Elias’s eyes had sand in them. He tried to rub at them, but his hands hung impossibly heavy at the end of rubbery arms. Grey shapes flashed before his eyes, and he endured a period of agony of indeterminable length where he thought he might be blind, before realizing that he lay on his back gazing at angry storm clouds. He tried to roll onto his side but his muscles had turned to water and wouldn’t obey him.
“Is he awake?” someone asked, a man.
“No, I don’t think so,” said another unfamiliar voice, also male.
“Unhand me at once!” said a familiar voice, Teah. “I have to try to heal him. He’s dying you fools!”
“Perhaps it is nothing less than he deserves,” said the first voice.
“Letting a man die whom you can help is tantamount to murder.”
“I hardly think that you are in a position to lecture us on the interpretation of our laws, Teah,” said the second voice.
“I said unhand me.”
“Or what, will you stab me to death as well?”
“The Lichlor are beasts, aberrations. They’ve begun to see through our shields. I did as I must to protect our people, as did the Wayfarer.”
“The Arbiter will decide on the merit of your actions, and their consequence.”

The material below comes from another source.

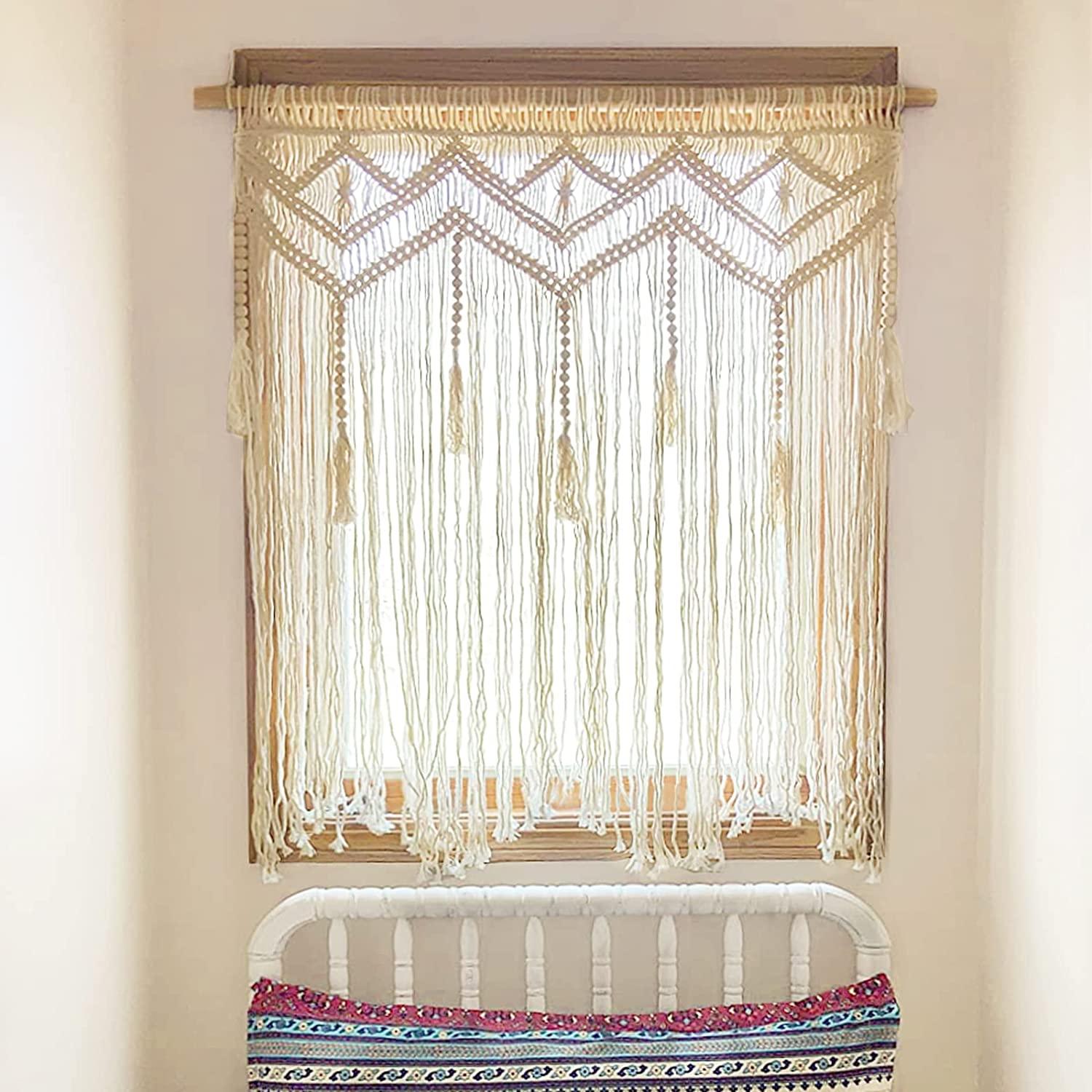 Macrame Wall Hanging Large Boho Decor Chic Tapestry Curtain Tassel - Decotree.co Online Shop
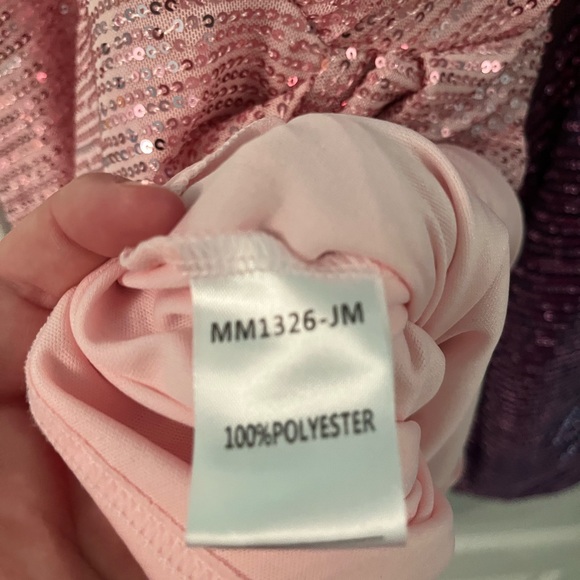 NWOT Double Crazy Pink Sequin Dress Size Medium - Picture 8 of 12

“What are you doing?” cried the other voice. “Stop!”
Elias heard a crack like a whip and then a thud as something fell beside him. He tried to turn his head, but his neck muscles only twitched in limp protest. Something gossamer soft lay against his arm, and the scent of lavender filled his nostrils. A gentle rush of warmth, something like a hot breath, spread through him.
“Fool, what have you done?” growled the second speaker, his tone charged with authority, crackling with wrath.
“She was casting a spell. I thought she meant to kill us.”
“She was trying to heal him.”
“From so far away, and with her hands restrained? Impossible.”
“You forget yourself, Malak. She was wed to my predecessor, and may possess abilities far beyond those typical to our kind. Now you have perpetrated against her the very crimes we seek to exile her for. Fool.”
“It speaks only to the gravity of her crimes, which have spread their taint so quickly to have corrupted my actions. I didn’t mean to hit her. It just happened.”
“Yes, yes. She has already rekindled the cycle of violence that the High L
aws sought to break. You’ve made my case for me, though unwittingly. Still, you may yet have a place on my council, if you play your cards right.”
“Yes, Speaker. Thank-you, Speaker.”
“Now bind them, we have far to travel.”
Elias was unceremoniously turned onto his stomach. The action derailed his equilibrium and his head swam as his face pressed into the wet earth, depriving him of air. The world spun, and Elias spun with it into unconsciousness.
†
Elias awoke in a prison, albeit a gilded one. The chamber was carved of granite and trimmed in limestone. It lacked any natural woods, save for thin strips of birch which composed two spartan chairs, but for all that the chamber still felt warm. Tapestries woven in earth tones mitigated the cold edges of the chamber and paintings framed in silver and copper alloy brightened its demeanor.
For all that, the door remained locked, as did the windows, which looked out upon an unusual village built over a narrow stretch of river. The stone and brick structures of the village stretched up instead of out, many of them miniature palaces in their own right. Some cobblestone paths snaked into the wood and smaller if not less modest structures peppered them, but the majority of the town lay situated around the river and indeed over it on wide, arching bridges.
A knock sounded at the door, eliciting a chuckle from Elias. He had been left to his own devices the many hours since he awoke, locked away, and yet his captors knocked. How quaint. “Enter,” said Elias, affecting an imperious tone, which only amused him further, though he found himself all too aware that beneath his bemusement something dark lurked.